> _DATA PROVIDED_:
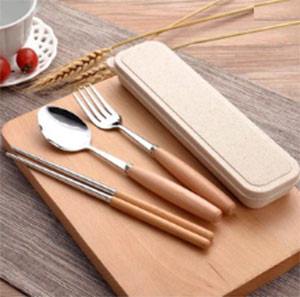 Bộ đũa muỗng dĩa kèm hộp lúa mạch cao cấp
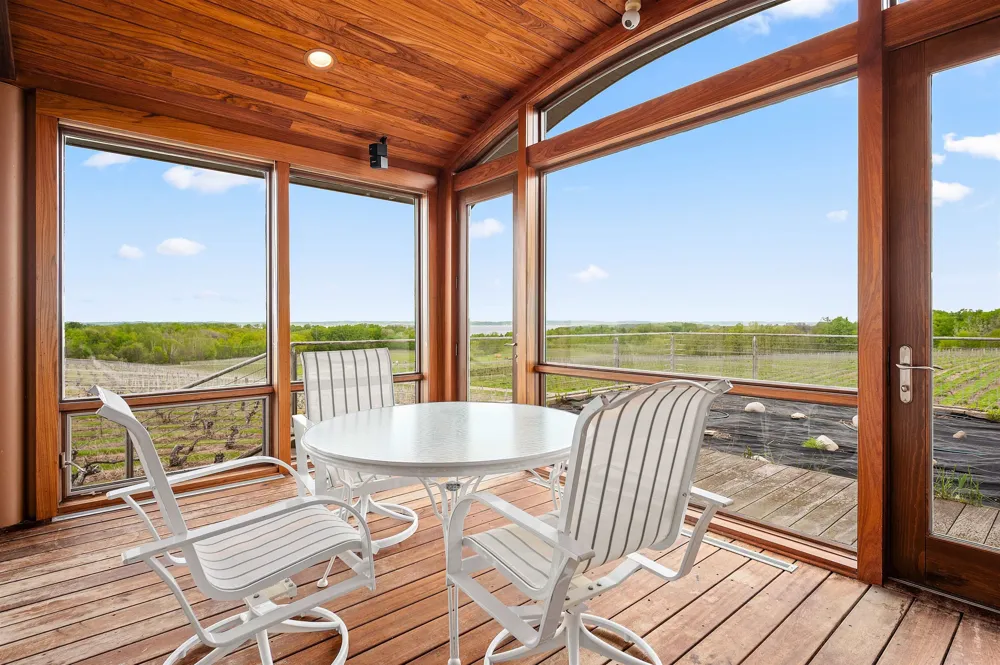 2721 Nelson Road Peninsula Township, MI 49686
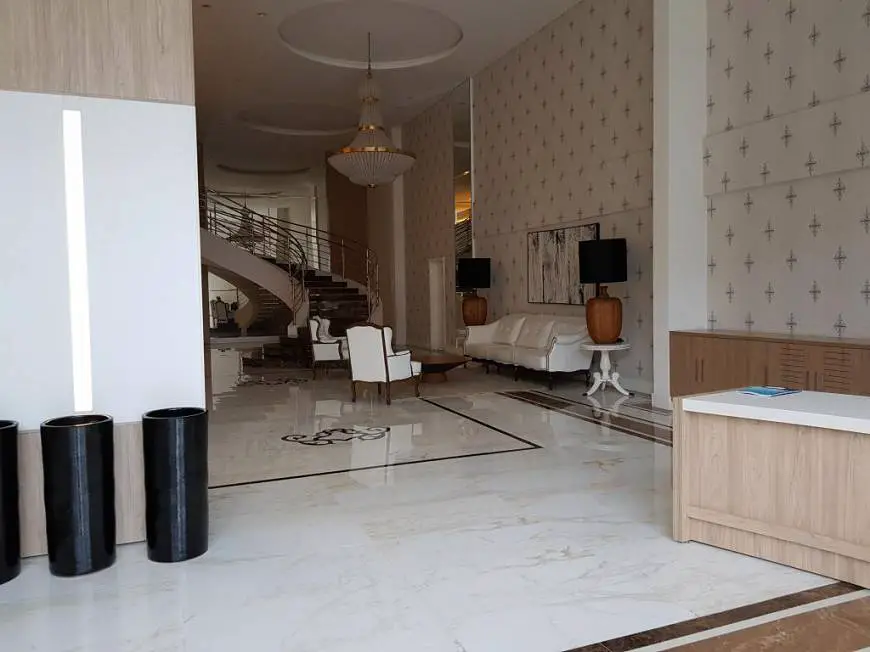 Foto 2 de Apartamento com 4 Quartos à venda, 221m² em Glória, Joinville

> _HOW TO COMPLETE THIS TASK_: Everything in the listing must be restated word for word, except for the pictures.

> _EXERCISE OUTPUT_:
 Bộ đũa muỗng dĩa kèm hộp lúa mạch cao cấp
 2721 Nelson Road Peninsula Township, MI 49686
 Foto 2 de Apartamento com 4 Quartos à venda, 221m² em Glória, Joinville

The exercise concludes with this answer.